== DATA SHOWN ==

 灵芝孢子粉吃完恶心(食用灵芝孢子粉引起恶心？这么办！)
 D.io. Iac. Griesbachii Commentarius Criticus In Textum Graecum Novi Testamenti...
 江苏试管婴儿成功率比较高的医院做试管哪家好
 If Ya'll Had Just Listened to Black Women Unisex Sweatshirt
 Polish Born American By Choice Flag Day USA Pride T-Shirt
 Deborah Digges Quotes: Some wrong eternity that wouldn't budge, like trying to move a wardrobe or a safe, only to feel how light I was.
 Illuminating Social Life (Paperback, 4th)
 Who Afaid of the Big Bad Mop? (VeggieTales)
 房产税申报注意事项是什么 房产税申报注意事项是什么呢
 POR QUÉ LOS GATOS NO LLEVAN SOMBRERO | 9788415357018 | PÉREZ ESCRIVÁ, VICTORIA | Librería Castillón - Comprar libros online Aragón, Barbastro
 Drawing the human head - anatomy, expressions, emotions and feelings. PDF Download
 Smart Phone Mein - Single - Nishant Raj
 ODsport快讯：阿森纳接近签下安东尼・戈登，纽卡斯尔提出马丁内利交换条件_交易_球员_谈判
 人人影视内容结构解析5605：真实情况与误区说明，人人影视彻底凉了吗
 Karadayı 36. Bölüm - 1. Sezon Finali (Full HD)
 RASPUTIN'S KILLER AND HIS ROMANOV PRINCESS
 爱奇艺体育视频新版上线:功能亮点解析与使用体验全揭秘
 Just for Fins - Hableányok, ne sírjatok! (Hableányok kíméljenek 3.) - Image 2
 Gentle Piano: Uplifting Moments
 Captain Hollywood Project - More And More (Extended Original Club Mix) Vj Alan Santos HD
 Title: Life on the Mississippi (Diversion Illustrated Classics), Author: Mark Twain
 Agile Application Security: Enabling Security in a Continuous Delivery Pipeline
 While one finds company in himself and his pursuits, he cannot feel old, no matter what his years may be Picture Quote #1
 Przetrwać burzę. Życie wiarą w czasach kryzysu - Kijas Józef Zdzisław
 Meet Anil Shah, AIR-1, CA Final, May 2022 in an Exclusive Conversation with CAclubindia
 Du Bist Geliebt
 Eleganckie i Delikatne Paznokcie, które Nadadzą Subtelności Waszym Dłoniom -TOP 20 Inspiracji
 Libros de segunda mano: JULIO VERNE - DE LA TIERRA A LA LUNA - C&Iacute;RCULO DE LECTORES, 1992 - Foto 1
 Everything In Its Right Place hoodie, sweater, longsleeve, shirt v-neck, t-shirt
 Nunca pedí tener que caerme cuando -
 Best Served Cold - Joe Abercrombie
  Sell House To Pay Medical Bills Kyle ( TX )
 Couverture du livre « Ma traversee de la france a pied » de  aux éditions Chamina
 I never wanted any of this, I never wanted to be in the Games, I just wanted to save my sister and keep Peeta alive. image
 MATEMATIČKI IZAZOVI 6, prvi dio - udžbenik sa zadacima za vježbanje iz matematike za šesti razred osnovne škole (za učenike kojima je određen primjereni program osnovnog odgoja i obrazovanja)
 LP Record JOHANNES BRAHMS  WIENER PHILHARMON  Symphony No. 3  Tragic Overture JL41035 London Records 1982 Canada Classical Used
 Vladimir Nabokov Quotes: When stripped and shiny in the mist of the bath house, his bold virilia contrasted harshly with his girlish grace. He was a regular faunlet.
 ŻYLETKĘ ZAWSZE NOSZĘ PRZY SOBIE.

===

WHAT YOU WILL DO —
From the records above, quote only the lines running from the line with "江苏试管婴儿成功率比较高的医院做试管哪家好" to the line with "Captain Hollywood Project", both lines included.

REPLY —
 江苏试管婴儿成功率比较高的医院做试管哪家好
 If Ya'll Had Just Listened to Black Women Unisex Sweatshirt
 Polish Born American By Choice Flag Day USA Pride T-Shirt
 Deborah Digges Quotes: Some wrong eternity that wouldn't budge, like trying to move a wardrobe or a safe, only to feel how light I was.
 Illuminating Social Life (Paperback, 4th)
 Who Afaid of the Big Bad Mop? (VeggieTales)
 房产税申报注意事项是什么 房产税申报注意事项是什么呢
 POR QUÉ LOS GATOS NO LLEVAN SOMBRERO | 9788415357018 | PÉREZ ESCRIVÁ, VICTORIA | Librería Castillón - Comprar libros online Aragón, Barbastro
 Drawing the human head - anatomy, expressions, emotions and feelings. PDF Download
 Smart Phone Mein - Single - Nishant Raj
 ODsport快讯：阿森纳接近签下安东尼・戈登，纽卡斯尔提出马丁内利交换条件_交易_球员_谈判
 人人影视内容结构解析5605：真实情况与误区说明，人人影视彻底凉了吗
 Karadayı 36. Bölüm - 1. Sezon Finali (Full HD)
 RASPUTIN'S KILLER AND HIS ROMANOV PRINCESS
 爱奇艺体育视频新版上线:功能亮点解析与使用体验全揭秘
 Just for Fins - Hableányok, ne sírjatok! (Hableányok kíméljenek 3.) - Image 2
 Gentle Piano: Uplifting Moments
 Captain Hollywood Project - More And More (Extended Original Club Mix) Vj Alan Santos HD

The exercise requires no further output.